Purchasing a home that requires repairs and renovations can seem impractical. Generally, lenders don’t allow homeowners to purchase the property until after repairs are completed; however, an FHA 203k loan allows property owners to roll home renovation costs into the mortgage before making any changes to the property. By applying for the loan, individuals have the tools to reach their goals and obtain the home of their dreams.
Estimate the Costs
Although the cost of the home provides a basic idea of the overall price of the property, it’s not enough for a 203k renovation loan. Before applying for a 203k mortgage, estimate the cost of the renovations or the changes that the property requires before you move into the space.

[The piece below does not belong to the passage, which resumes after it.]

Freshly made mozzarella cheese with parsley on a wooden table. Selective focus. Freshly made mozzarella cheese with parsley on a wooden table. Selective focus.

Renovations depend on the severity of the damage to the property or the changes that you need to put into the house. For example, changing a kitchen will cost significantly less than fixing the entire house or working on structural damage that requires immediate repairs for the safety of the homeowner.
Work with a contractor to estimate the final costs of the renovation project. Keep in mind that some complications, like unexpected water damage, structural damage or even changing out the pipes in the kitchen or bathroom, impact the cost and might change the final cost when compared to the estimate. Use the estimate form a contractor to evaluate the final cost of the house and the loan you need.
Get a Credit Report
Ask for a credit report and read through the information before applying for a loan. Although you can get a loan from Prospect Mortgage with different credit ratings, you’ll want to make sure that the bank has accurate information. Look for any mistakes in your historical data and correct any errors before asking for a home renovation loan.
The best renovation loan rates depend on your credit score as well as your debt to income ratio. You want an excellent credit rating for the best rates on your home loan.
Obtain Appropriate Paperwork
The paperwork required for a 203k mortgage depends on your situation. Generally, you need to provide proof of income, tax returns for a few years and proof of identity. You might also need to provide an estimate for the cost of the work on the home you plan to purchase and an official appraisal of the property for an estimated current value.
Lenders use the value of your home as a starting point for the loan; however, the cost of the house increases after you make renovations and changes to the property. The return on your investment will vary based on the project, but a lender will want to know the current value of the house before providing a loan.
Recognize your Debt to Income Ratio
A debt-to-income ratio refers to the percentage of debt you pay when compared to your income. Generally, an FHA home improvement loan sets limitations on the overall debt to income ratio so that you do not exceed an amount that you can easily pay.
As a general rule, lenders will not allow you to take out a loan that exceeds roughly 30% of your total income. Exact amounts depend on other debts and financial responsibilities, so expect some variation in the actual loan amount. While you can obtain a loan from Prospect Mortgage to purchase and renovate a home, you must recognize the limitations of any credit you currently use on the final amount. You want enough to pay for the changes without exceeding your ability to make payments on your loan.
Applying for a loan requires appropriate paperwork and information. When you want a 203k mortgage, you must prepare for the renovations as well as the purchase. Expect some variation in the actual amounts that a lender approves based on your credit rating, your income and the property.
Photo Credit: lmldolz
Lillian Neighbors says
Great post Len. Extremely helpful info. Particularly the last part! I’ll look into this. Thank you.
Lila says
Each house loan program will have its own individual set of rules. Try taking advantage of the first time home buyers tax credit. The one big problem is that mortgage money for first time home buyers can be hard to find.
Len Penzo says
Homebuyers with good credit scores typically never have to worry about getting home loans, Lila.
Lauren P. says
The 203K mortgage is an interesting idea! We’ve bought several fixer-uppers and always renovated on a ‘pay as you go’ schedule, taking several years to finish each place. We also lived in the places as we renovated, which makes for some GREAT stories! But not every marriage can handle that and this mortgage sounds like a nice alternative!
RD Blakeslee says
It’s likely that some of the folks who follow this blog have been sellers of housing which cannot meet FHA standards for a loan. The program referenced here was a godsend for my wife, who owned an historic old house in Virginia that could not have been sold any other way.
Len Penzo says
Fantastic! Good to know that they do work as intended, Dave.